Кальвин - Мережковский Дмитрий Сергеевич. Страница 29

Главное впечатление от этих двух лиц, призрачного и действительного, — тишина, но где-то в их самой тайной глубине, а на поверхности — буря. «Часто я бываю увлекаем такою бурею гнева, что не могу ей противиться. Но, по справедливости, не должно бы меня обвинять в том, что я делаю невольно (multis turbinibus invalvor)». [416] «Больше всего я вам благодарен, досточтимые Сеньоры, за то, что вы всегда терпели так кротко мою безумную вспыльчивость», — скажет он, умирая. «Этот мой грех я от всей души ненавижу, так же, как и все остальные, но твердо надеюсь, что Господь мне его простит». «Ни один из многих и великих грехов моих не стоил мне такой тяжкой борьбы, как вспыльчивость. Благодарю Бога за то, что мои усилья не были совсем тщетны, но все же этого дикого зверя я еще не вполне в себе укротил», — говорит он и в середине жизни. [417] «Я вырвался из себя самого, как бешеный конь из-под всадника (je me suis échappé à moi-même)». [418]
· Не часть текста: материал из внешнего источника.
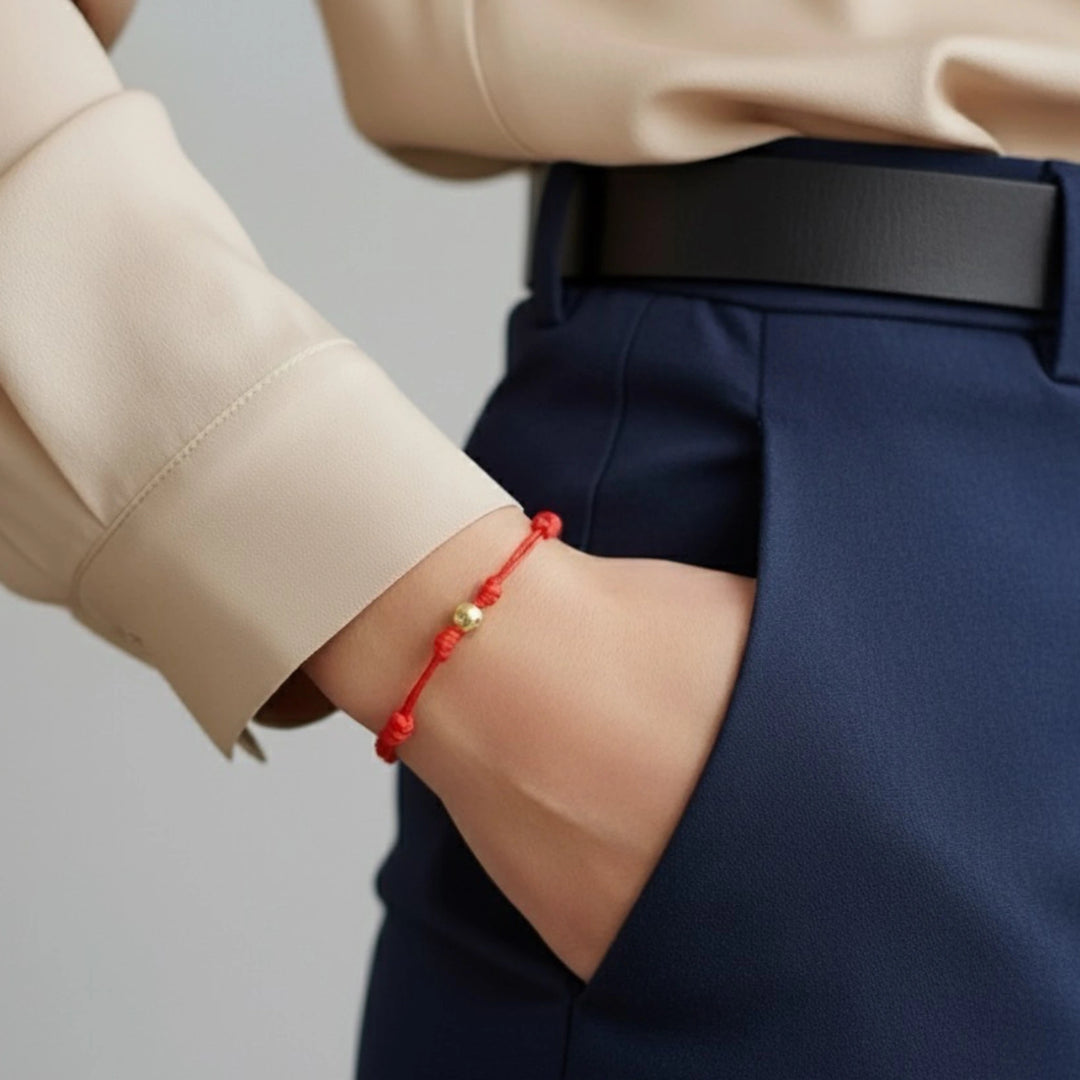 Person wearing a red solid gold bead bracelet on a plain background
«Я всегда прощал и забывал тягчайшие обиды врагов моих и могу сказать по совести, что, как бы безбожные люди ни оскорбляли меня, — нет у меня во всем мире ни одного личного врага». [419] Когда какая-то женщина назвала его почти в лицо «злыдней» и была за это предана суду, он за нее вступился и ходатайствовал об ее помиловании. [420] Много ли было таких случаев, трудно сказать, но слишком часто он отождествлял не только свое учение, но и себя самого с Богом. «Бога они в моем лице оскорбляют». — «Там, где о чести Бога моего дело идет, я предпочитаю бешеный гнев никакому». [421]
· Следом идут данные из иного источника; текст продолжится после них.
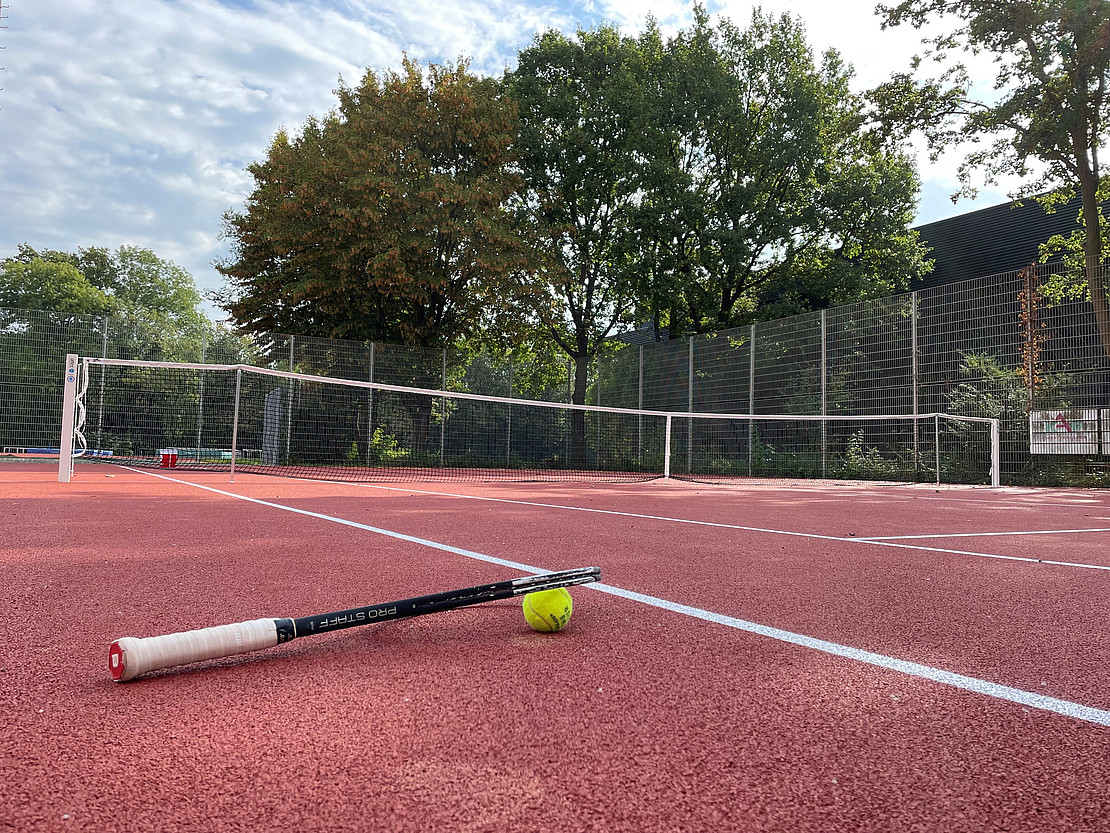 The new tennis court at the Aueparkalle. In the foreground, a tennis racket lies on the floor of the court.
Кто-то из членов Консистории назвал его «лицемером», и он тотчас потребовал, чтобы обидчик был предан суду, а несколько человек, смеявшихся во время проповеди его, посажены были в тюрьму. Таких случаев за один только год — больше трехсот. [422]

«Надо делать людям добро вопреки их воле (il faut procurer leur bien malgré qu'ils en ayent)». [423] Это опасное правило приводит его нечувствительно к оправданию пыток. «Пытка» и «допрос», quaestio, так же неразличимы на словах, как на деле. «Что касается пытки, то, по достоверным свидетельствам, вся она сводилась к тому, что пытаемых приподымали от земли, подвесив их за руки». [424] Кальвин ссылается на «достоверные свидетельства», потому что сам он слишком «чувствителен», чтобы смотреть на пытки, и умалчивает о том, что у вздернутых на дыбу вывихнутые суставы трещат.

«Ты знаешь нежность, чтобы не сказать „слабость“, моей души», — говорит он одному из друзей своих. [425] «Когда я вспоминаю о его любви ко мне… я не могу не чувствовать, что потерял в нем больше чем друга — как бы родного отца», — вспоминает Бэза.

В 1541 году в Страсбурге умер от чумы любимый ученик Кальвина, Луи де Ришбур (Richebourg). «Смертью вашего сына я был так потрясен, — пишет он отцу его, — что несколько дней ничего не мог делать, как только плакать и рыдать, и хотя перед Богом меня еще укрепляла сила Его, но перед людьми я был, как ничто, и для всех предстоявших мне дел, как полумертвец… потому что этого прекраснейшего юношу, погибшего во цвете лет, я любил, как родное дитя». [426] Так люди не лгут, и если Кальвин действительно чувствовал так, то еще неизвестно, что перевесит в последнем Божьем суде над ним — зло или добро.

41

Высшего сияния достигает эта красота внутреннего лица его в том, что он называет «святою дружбою (sancta amicitia)». [427]

Тот, кто был ему другом однажды, остается им навсегда. Дом его на улице Каноников окружен множеством этих вечных друзей, потому что все они хотят жить поближе к нему. [428] «Кальвина, за несколько дней до смерти его, посетила благородная дама из одного прекрасного города Франции, слышавшая проповедь его лет тридцать назад; посетил его также один почтенный старик, бывший другом его в годы учения и не видевший его после изгнания из Франции». Оба они хотели его увидеть еще раз перед тем, как умереть, и «он пригласил их к ужину, чтобы порадоваться с ними в ожидании воли Божьей». [429]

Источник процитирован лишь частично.